Had I breath, it would be held for this …
“You hear …? Y’understand? No, fucker. No. Terms … terms of my bargain … a universe of pain … our own Caine Show … uh. Nothing in there says I have to … kill you. Not like this. Not at all.”
This is not possible. This does not happen. This cannot happen. This has never happened and it never will.
“It’s not … the people who died here. The Pratts. T’Passe. Kierendal. Not the people I murdered. Khlaylock. Tyrklld. It’s not even that I … shot Angvasse in the face … blew her fucking head off … when all she was trying to do was help …”
How should I care why you choose to defy Me? How can you even delude yourself that you have choice at all?
“It’s just …” You shake your head, and now tears roll free from your shuttered eyes. “It’s everything. It’s the fucking world. It’s that slave woman in County Faltane … the one who died in the fire …”
I set My Will upon you: Draw the Sword. Give your life to Unbind the prison that is My Body. Now and forever, My Will be done.
And beyond reason, instead of the clench of hand and arm to Draw the Sword, I feel your lips pull back from your blood-salted teeth. “I felt that …” you murmur. “So You’re listening after all. Well, all right, then.”
Impossibly now strength returns to your shattered limbs, and you use the Sword to pull yourself upright, and climb to your feet, balancing on your unbroken leg. “Pirichanthe: by Name I conjure Thee: Hear my word. Pirichanthe: twice by Name I conjure Thee: Understand my word. Pirichanthe: by Name thrice I conjure Thee: Believe my word.”
Panting, coughing, hacking up gouts of blood into the storm winds and thunder, your voice is scarcely a whisper, but I hear, and I understand, and I believe …
“You want me to draw this Sword and send you back to whateverthefuck Outside nonplace you came from? Okay. I can kill you. Happy to. But I’m a professional, fucker. I get paid for this shit.”
Your hand upon the Sword to Bind Us in the permanent now, you lift your blood-smeared wolfen grin to the burning sky.
“I want to make a deal.”
“What the life you’ve chosen to lead will cost you, I can’t begin to imagine.”
— DELIANN, THE MITHONDIONNE, 2ND ANKHANAN EMPEROR AND 3RD PATRIARCH OF THE ELKOTHAN CHURCH
Blade of Tyshalle
Simon Faller adjusted his tie for the hundredth time. All his collars were too big for him now; his appearance had become a compromise between leaving his collar half-open like a drunk and cinching it tight like a Temp in secondhand clothes. His image in the palmpad’s default mirror grimaced back at him. Swipes of exhaustion black as dried blood underlined his eyes. His hair—where he still had hair—straggled behind his ears. His lips had gone grey as his suit. When the door beside him slid open, he flinched and almost dropped the palmpad.

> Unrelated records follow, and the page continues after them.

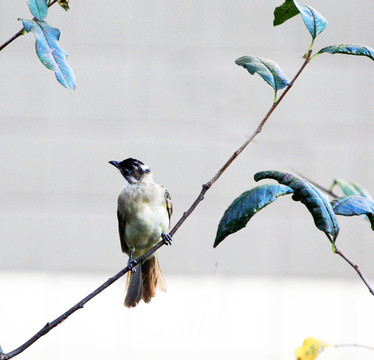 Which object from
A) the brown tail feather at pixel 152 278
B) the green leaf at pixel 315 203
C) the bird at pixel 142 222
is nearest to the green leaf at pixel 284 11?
the green leaf at pixel 315 203

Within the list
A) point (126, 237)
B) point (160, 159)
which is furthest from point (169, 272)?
point (126, 237)

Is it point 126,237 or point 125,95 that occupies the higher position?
point 125,95

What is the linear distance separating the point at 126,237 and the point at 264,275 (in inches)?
82.4

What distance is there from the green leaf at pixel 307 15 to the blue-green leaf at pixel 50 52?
32 cm

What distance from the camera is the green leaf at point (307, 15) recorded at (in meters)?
0.94

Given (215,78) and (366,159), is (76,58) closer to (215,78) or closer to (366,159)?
(215,78)

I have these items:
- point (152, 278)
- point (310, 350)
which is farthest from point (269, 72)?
point (152, 278)

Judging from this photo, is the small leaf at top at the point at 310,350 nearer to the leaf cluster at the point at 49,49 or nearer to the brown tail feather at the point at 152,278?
the leaf cluster at the point at 49,49

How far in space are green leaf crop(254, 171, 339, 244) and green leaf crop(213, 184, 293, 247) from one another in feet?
0.05

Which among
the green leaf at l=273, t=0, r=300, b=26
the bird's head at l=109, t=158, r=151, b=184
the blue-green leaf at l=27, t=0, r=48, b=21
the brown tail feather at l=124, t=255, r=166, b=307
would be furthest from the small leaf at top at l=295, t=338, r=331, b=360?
the bird's head at l=109, t=158, r=151, b=184

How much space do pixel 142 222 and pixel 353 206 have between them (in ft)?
3.40

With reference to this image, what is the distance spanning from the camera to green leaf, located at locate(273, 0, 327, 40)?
94 centimetres

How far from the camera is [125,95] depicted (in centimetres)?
379

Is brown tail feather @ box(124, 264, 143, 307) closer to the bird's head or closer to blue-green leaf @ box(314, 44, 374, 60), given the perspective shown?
the bird's head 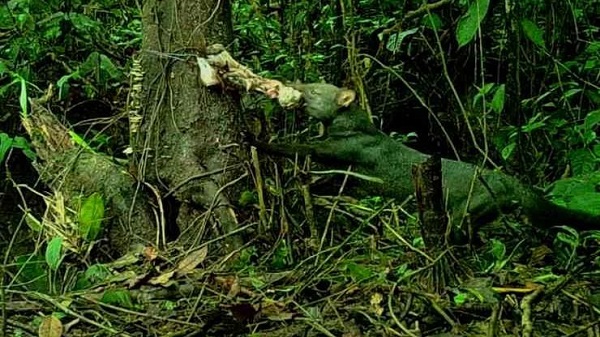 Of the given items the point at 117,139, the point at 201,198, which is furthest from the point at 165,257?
the point at 117,139

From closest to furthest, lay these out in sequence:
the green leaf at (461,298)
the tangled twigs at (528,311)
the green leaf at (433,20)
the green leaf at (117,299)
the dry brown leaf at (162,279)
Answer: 1. the tangled twigs at (528,311)
2. the green leaf at (461,298)
3. the green leaf at (117,299)
4. the dry brown leaf at (162,279)
5. the green leaf at (433,20)

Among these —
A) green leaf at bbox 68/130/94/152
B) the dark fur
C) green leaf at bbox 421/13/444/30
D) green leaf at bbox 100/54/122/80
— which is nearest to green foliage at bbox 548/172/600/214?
the dark fur

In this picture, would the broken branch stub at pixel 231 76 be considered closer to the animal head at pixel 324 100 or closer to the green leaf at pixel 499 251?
the animal head at pixel 324 100

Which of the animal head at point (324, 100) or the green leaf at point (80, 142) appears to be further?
the green leaf at point (80, 142)

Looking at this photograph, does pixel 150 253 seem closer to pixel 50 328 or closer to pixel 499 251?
pixel 50 328

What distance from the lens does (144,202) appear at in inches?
124

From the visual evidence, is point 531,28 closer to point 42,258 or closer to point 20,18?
point 42,258

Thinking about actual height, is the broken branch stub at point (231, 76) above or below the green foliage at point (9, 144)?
above

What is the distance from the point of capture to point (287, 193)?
3.16 meters

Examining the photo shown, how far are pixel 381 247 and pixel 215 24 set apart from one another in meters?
1.01

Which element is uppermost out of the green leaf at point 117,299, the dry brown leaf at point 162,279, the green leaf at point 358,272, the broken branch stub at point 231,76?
the broken branch stub at point 231,76

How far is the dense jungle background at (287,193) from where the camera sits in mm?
2293

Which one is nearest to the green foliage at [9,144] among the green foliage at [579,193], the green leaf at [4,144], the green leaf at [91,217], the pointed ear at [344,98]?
the green leaf at [4,144]

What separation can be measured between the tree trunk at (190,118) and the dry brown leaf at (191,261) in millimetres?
220
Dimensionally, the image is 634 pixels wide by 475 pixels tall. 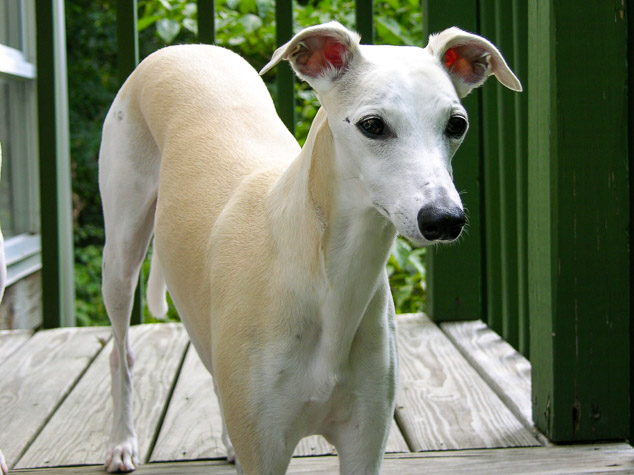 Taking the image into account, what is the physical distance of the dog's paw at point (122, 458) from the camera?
8.63ft

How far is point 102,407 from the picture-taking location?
3158 millimetres

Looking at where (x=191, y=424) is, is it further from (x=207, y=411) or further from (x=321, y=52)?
(x=321, y=52)

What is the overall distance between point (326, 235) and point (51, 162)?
2.40 meters

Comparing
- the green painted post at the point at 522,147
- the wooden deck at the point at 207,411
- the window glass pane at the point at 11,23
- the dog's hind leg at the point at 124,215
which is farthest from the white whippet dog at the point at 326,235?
the window glass pane at the point at 11,23

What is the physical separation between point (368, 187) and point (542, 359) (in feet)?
4.24

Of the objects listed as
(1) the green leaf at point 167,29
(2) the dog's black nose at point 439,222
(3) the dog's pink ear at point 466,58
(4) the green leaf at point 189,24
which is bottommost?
(2) the dog's black nose at point 439,222

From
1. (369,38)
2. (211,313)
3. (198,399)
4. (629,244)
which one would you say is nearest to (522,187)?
(629,244)

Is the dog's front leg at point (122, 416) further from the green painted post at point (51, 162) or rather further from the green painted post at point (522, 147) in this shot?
the green painted post at point (522, 147)

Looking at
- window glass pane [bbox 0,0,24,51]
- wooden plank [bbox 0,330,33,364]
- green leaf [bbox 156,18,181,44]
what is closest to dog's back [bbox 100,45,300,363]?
wooden plank [bbox 0,330,33,364]

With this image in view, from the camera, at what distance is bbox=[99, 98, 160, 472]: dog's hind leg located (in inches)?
109

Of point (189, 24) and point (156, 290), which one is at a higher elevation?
point (189, 24)

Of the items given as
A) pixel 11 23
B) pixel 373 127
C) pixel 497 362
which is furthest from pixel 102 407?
pixel 11 23

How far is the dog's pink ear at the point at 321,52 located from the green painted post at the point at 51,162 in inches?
89.9

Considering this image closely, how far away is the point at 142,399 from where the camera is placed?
3225mm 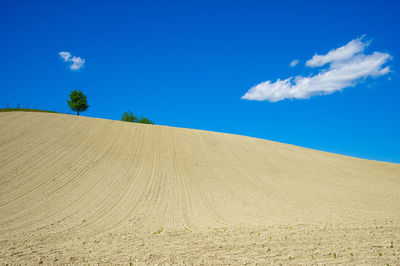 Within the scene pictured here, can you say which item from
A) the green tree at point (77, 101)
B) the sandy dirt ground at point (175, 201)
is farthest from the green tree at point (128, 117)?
the sandy dirt ground at point (175, 201)

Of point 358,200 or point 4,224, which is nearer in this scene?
point 4,224

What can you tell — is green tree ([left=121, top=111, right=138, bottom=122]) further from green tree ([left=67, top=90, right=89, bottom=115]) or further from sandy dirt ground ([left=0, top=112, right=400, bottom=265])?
sandy dirt ground ([left=0, top=112, right=400, bottom=265])

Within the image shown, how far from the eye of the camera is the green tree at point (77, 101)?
181ft

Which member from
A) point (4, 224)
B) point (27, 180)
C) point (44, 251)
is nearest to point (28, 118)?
point (27, 180)

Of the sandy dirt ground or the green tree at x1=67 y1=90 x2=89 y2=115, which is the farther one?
the green tree at x1=67 y1=90 x2=89 y2=115

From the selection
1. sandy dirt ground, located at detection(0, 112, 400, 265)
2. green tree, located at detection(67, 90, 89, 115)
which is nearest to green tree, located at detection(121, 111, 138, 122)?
green tree, located at detection(67, 90, 89, 115)

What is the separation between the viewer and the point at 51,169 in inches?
647

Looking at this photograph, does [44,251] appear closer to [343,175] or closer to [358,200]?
[358,200]

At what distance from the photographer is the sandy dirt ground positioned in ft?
23.8

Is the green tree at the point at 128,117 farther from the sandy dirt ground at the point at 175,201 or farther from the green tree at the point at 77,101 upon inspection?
the sandy dirt ground at the point at 175,201

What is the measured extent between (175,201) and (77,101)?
4943cm

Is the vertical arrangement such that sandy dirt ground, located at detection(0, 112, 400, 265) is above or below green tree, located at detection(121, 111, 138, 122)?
below

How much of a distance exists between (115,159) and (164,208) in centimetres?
900

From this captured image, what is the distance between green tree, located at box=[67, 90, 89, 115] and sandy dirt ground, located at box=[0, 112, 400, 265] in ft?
91.4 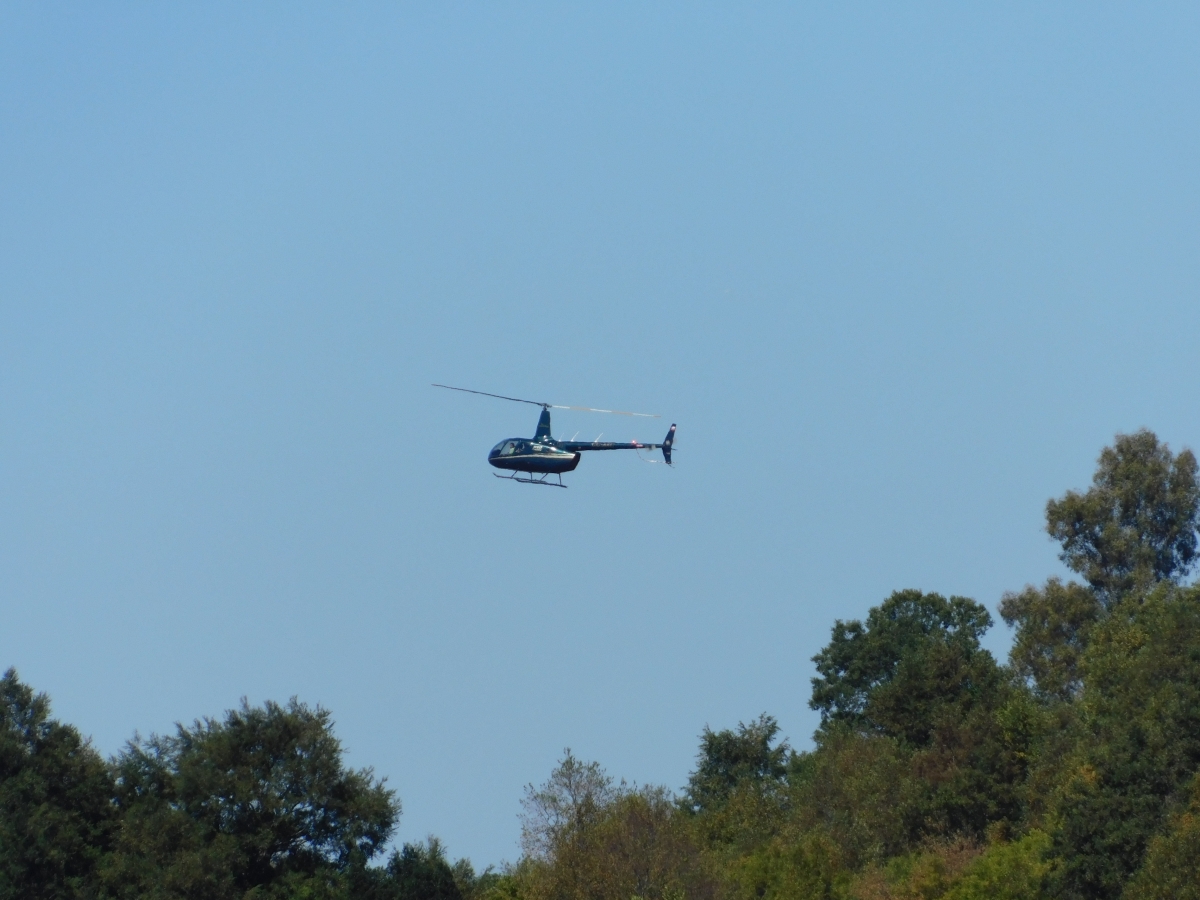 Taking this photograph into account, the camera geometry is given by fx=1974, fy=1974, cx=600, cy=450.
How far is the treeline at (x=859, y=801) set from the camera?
6284 centimetres

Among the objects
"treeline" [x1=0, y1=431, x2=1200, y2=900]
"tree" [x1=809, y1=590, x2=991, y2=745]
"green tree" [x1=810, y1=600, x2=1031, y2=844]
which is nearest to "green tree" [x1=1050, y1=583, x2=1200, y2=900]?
"treeline" [x1=0, y1=431, x2=1200, y2=900]

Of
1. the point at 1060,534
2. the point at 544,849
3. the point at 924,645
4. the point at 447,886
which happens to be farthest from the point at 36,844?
the point at 924,645

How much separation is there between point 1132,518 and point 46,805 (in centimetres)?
5325

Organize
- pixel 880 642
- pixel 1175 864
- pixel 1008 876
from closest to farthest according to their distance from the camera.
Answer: pixel 1175 864
pixel 1008 876
pixel 880 642

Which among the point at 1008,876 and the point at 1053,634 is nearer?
the point at 1008,876

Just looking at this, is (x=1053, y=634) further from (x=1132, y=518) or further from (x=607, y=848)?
(x=607, y=848)

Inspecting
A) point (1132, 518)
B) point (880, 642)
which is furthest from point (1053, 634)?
point (880, 642)

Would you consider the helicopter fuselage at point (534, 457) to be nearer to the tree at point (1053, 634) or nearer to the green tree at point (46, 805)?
the green tree at point (46, 805)

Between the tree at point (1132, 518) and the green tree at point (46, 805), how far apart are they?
48.5 meters

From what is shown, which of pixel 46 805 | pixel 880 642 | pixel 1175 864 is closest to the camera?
pixel 1175 864

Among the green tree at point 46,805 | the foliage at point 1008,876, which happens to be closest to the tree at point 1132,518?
the foliage at point 1008,876

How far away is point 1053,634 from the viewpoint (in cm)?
9656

The aide was barely a third his age. “Professional? The Director will see you now.”
Faller tucked the palmpad securely into one armpit and followed the aide through three layers of outer office. The new Director’s personal office was unimpressive, as was the new Director, a small nervous man with a permanent frown who was directing that frown toward his deskscreen. He made a shooing motion with one hand without looking up. The aide discreetly evaporated.
“Professional Faller. Don’t bother to sit.”
Faller forbore to mention that the Director occupied the only chair. “Yes, Administrator. Thank you for seeing me on such short notice, sir.”
“And don’t bother toadying.” The Director turned that frown toward Faller. “You were born Professional, I take it.”
“I, ahh, I mean, yes. Yes, sir.”
“My family have been Artisans for more than a hundred years,” the Director said severely. “I was the first elevated to Professional. I am the sole member of my family, ever, to rise as high as Administration. Ordinarily I enjoy obsequy as much as the next Administrator, but this is not an ordinary day.”
“Yes, sir. That’s why I asked to see you.” Faller licked his lips and extended the palmpad like a serving tray. “This—I mean, have you seen this? What I’m supposed to show him?”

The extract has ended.